Silicon (Si)-based micro ring resonator modulators (MRMs) have gained considerable attention due to their compact footprint, CMOS compatibility, low power consumption, and high-speed operation, particularly for Co-packed optics [7,8]. However, conventional Si MRMs using lateral or vertical pn junctions exhibit limited modulation efficiency, high insertion loss, and large voltage-length products (Vπ·L). Such limitations stem from the weak free-carrier plasma dispersion effect in Si, requiring higher drive voltages and longer devices to achieve sufficient modulation [[9], [10], [11]].

Recently, semiconductor-insulator-semiconductor capacitor (SISCAP) structures have been proposed as a promising alternative to conventional p–n junction-based modulators. By utilizing carrier accumulation at the semiconductor-insulator interface, SISCAP structures enable improved electro-optic (EO) efficiency and reduced insertion loss [12]. However, despite these advantages, silicon's inherently weak plasma dispersion effect fundamentally limits the achievable modulation depth and bandwidth in Si-based SISCAP modulators. This fundamentally constrains further improvements in voltage-length product (Vπ·L), insertion loss, and signal quality—factors critical for high-density optical interconnects.
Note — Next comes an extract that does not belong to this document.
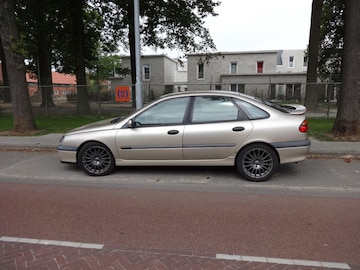 Renault Laguna RXT 3.0 V6-24V (1999)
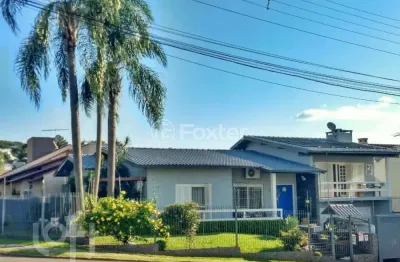 Casa com 3 quartos à venda na Rua Lindolfo Scharlau, 149, Pinheiro, São Leopoldo, 206 m2 por R$ 998.000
To further improve modulation performance, recent studies have introduced various advanced electro-optic materials, such as III-V compound materials [[13], [14], [15], [16]], two-dimensional materials (e.g. graphene [17,18], WSe2 [19,20]), ceramic materials (e.g. BTO [21], LN [22,23], KTN [24]) to overcome Si's inherently weak free-carrier plasma dispersion effect. Among these materials, III-V compound semiconductors have attracted significant interest due to their inherently stronger free-carrier effects and lower optical losses than Si. Integrating III-V materials into SISCAP-based structures can thus significantly enhance electro-optic efficiency and reduce optical losses [13,16]. Recent demonstrations of III-V/Si hybrid modulators have achieved very low Vπ·L values (∼0.07 V cm) and reduced insertion losses (∼16 dB/cm), confirming their suitability for next-generation optical interconnect systems [13]. This paper aims to overcome the limitation of existing Si-based ring modulators by employing SISCAP structure combined with III-V compound semiconductor materials. We perform systematic TCAD and optical simulations to evaluate and optimize the proposed III-V/Si SIS ring modulators for O-band applications. Our investigation specifically targets achieving higher EO efficiency, lower optical losses, reduced operating voltages, and increased modulation bandwidth, providing a practical pathway for implementing compact, efficient, and high-performance WDM optical interconnect systems.